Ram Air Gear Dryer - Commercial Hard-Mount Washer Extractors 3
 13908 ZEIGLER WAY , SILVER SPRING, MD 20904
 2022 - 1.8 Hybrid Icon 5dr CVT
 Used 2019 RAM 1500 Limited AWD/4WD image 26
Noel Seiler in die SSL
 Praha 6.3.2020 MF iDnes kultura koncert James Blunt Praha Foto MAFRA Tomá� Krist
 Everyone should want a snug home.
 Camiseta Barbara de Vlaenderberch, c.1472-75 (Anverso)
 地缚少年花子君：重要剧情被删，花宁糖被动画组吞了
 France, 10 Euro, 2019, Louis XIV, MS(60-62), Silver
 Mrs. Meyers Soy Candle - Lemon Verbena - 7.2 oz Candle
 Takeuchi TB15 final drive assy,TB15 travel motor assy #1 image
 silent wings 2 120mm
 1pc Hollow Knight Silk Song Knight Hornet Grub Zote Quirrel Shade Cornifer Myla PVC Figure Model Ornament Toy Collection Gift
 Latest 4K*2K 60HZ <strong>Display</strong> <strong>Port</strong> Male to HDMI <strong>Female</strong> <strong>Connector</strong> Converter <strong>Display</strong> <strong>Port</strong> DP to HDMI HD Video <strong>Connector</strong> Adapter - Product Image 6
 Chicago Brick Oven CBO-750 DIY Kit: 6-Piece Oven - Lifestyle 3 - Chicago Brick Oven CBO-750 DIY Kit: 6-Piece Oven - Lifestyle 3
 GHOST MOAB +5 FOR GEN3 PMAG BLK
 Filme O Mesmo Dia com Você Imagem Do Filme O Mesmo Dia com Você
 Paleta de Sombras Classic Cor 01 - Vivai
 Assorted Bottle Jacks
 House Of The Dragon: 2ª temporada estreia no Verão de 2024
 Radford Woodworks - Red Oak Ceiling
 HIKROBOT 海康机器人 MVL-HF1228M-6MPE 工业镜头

__________________________________________________

- GOAL OF THE EXERCISE -
Output the whole listing above again, word for word.

- SOLUTION BELOW -
Ram Air Gear Dryer - Commercial Hard-Mount Washer Extractors 3
 13908 ZEIGLER WAY , SILVER SPRING, MD 20904
 2022 - 1.8 Hybrid Icon 5dr CVT
 Used 2019 RAM 1500 Limited AWD/4WD image 26
Noel Seiler in die SSL
 Praha 6.3.2020 MF iDnes kultura koncert James Blunt Praha Foto MAFRA Tomá� Krist
 Everyone should want a snug home.
 Camiseta Barbara de Vlaenderberch, c.1472-75 (Anverso)
 地缚少年花子君：重要剧情被删，花宁糖被动画组吞了
 France, 10 Euro, 2019, Louis XIV, MS(60-62), Silver
 Mrs. Meyers Soy Candle - Lemon Verbena - 7.2 oz Candle
 Takeuchi TB15 final drive assy,TB15 travel motor assy #1 image
 silent wings 2 120mm
 1pc Hollow Knight Silk Song Knight Hornet Grub Zote Quirrel Shade Cornifer Myla PVC Figure Model Ornament Toy Collection Gift
 Latest 4K*2K 60HZ <strong>Display</strong> <strong>Port</strong> Male to HDMI <strong>Female</strong> <strong>Connector</strong> Converter <strong>Display</strong> <strong>Port</strong> DP to HDMI HD Video <strong>Connector</strong> Adapter - Product Image 6
 Chicago Brick Oven CBO-750 DIY Kit: 6-Piece Oven - Lifestyle 3 - Chicago Brick Oven CBO-750 DIY Kit: 6-Piece Oven - Lifestyle 3
 GHOST MOAB +5 FOR GEN3 PMAG BLK
 Filme O Mesmo Dia com Você Imagem Do Filme O Mesmo Dia com Você
 Paleta de Sombras Classic Cor 01 - Vivai
 Assorted Bottle Jacks
 House Of The Dragon: 2ª temporada estreia no Verão de 2024
 Radford Woodworks - Red Oak Ceiling
 HIKROBOT 海康机器人 MVL-HF1228M-6MPE 工业镜头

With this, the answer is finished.